- Opening Delimiter -
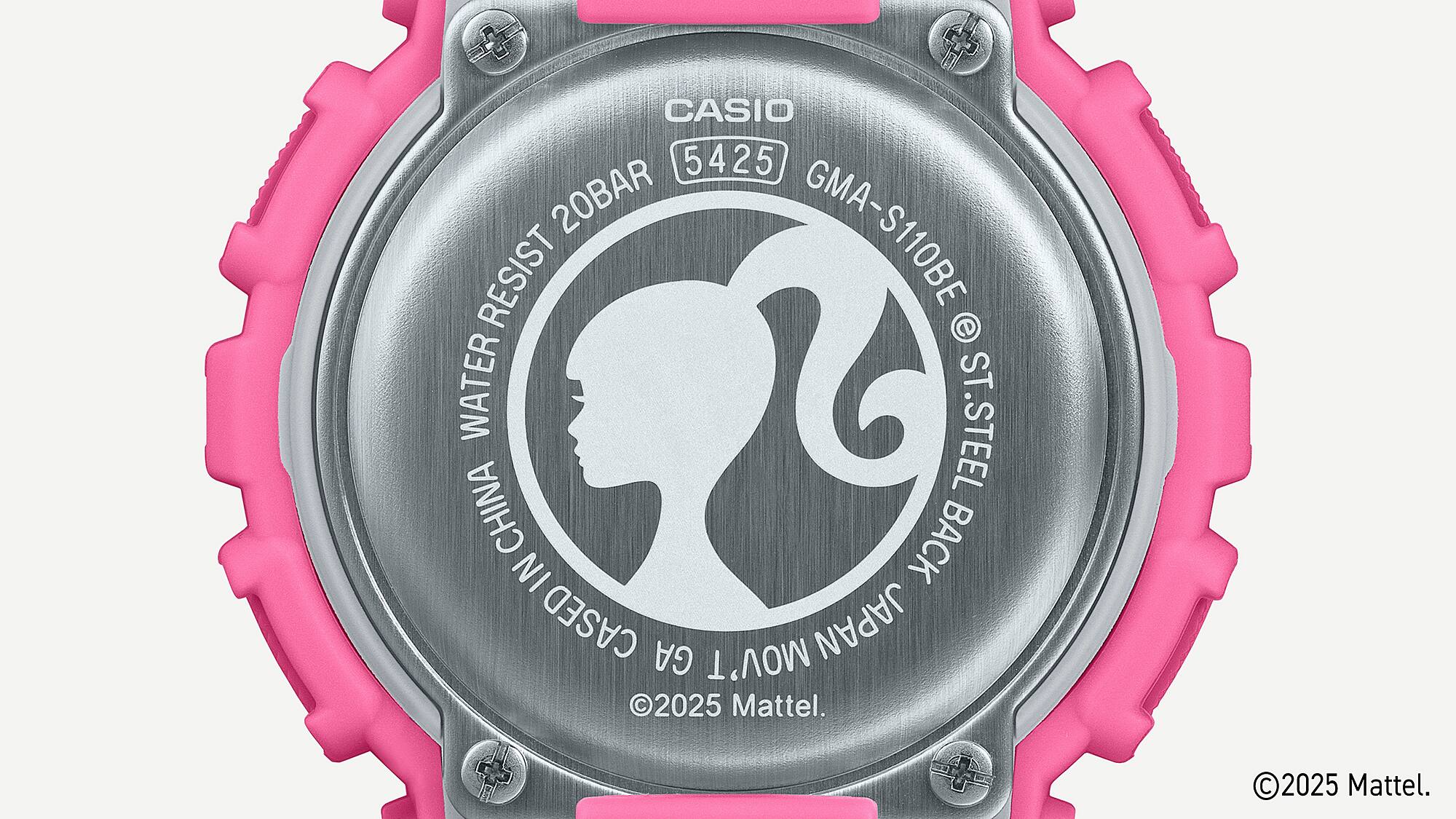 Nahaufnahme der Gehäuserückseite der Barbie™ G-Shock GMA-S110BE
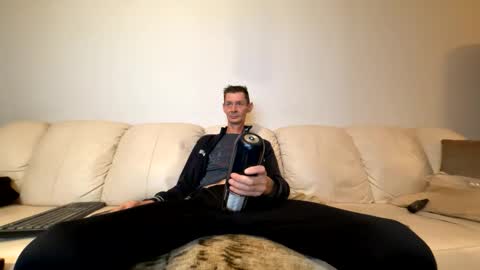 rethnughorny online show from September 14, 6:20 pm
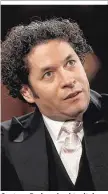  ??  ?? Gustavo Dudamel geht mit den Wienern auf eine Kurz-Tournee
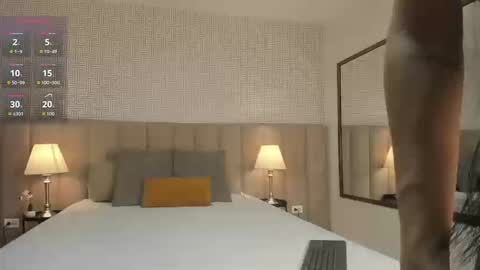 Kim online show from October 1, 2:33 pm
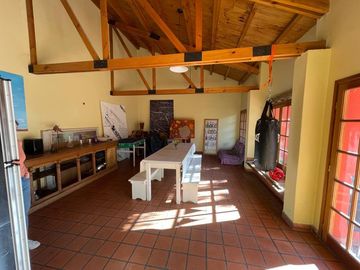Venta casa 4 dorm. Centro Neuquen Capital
- Closing Delimiter -
Instructions for the task:
Every line above must be printed again exactly, pictures excluded.

Output below:
 Nahaufnahme der Gehäuserückseite der Barbie™ G-Shock GMA-S110BE
 rethnughorny online show from September 14, 6:20 pm
  ??  ?? Gustavo Dudamel geht mit den Wienern auf eine Kurz-Tournee
 Kim online show from October 1, 2:33 pm
Venta casa 4 dorm. Centro Neuquen Capital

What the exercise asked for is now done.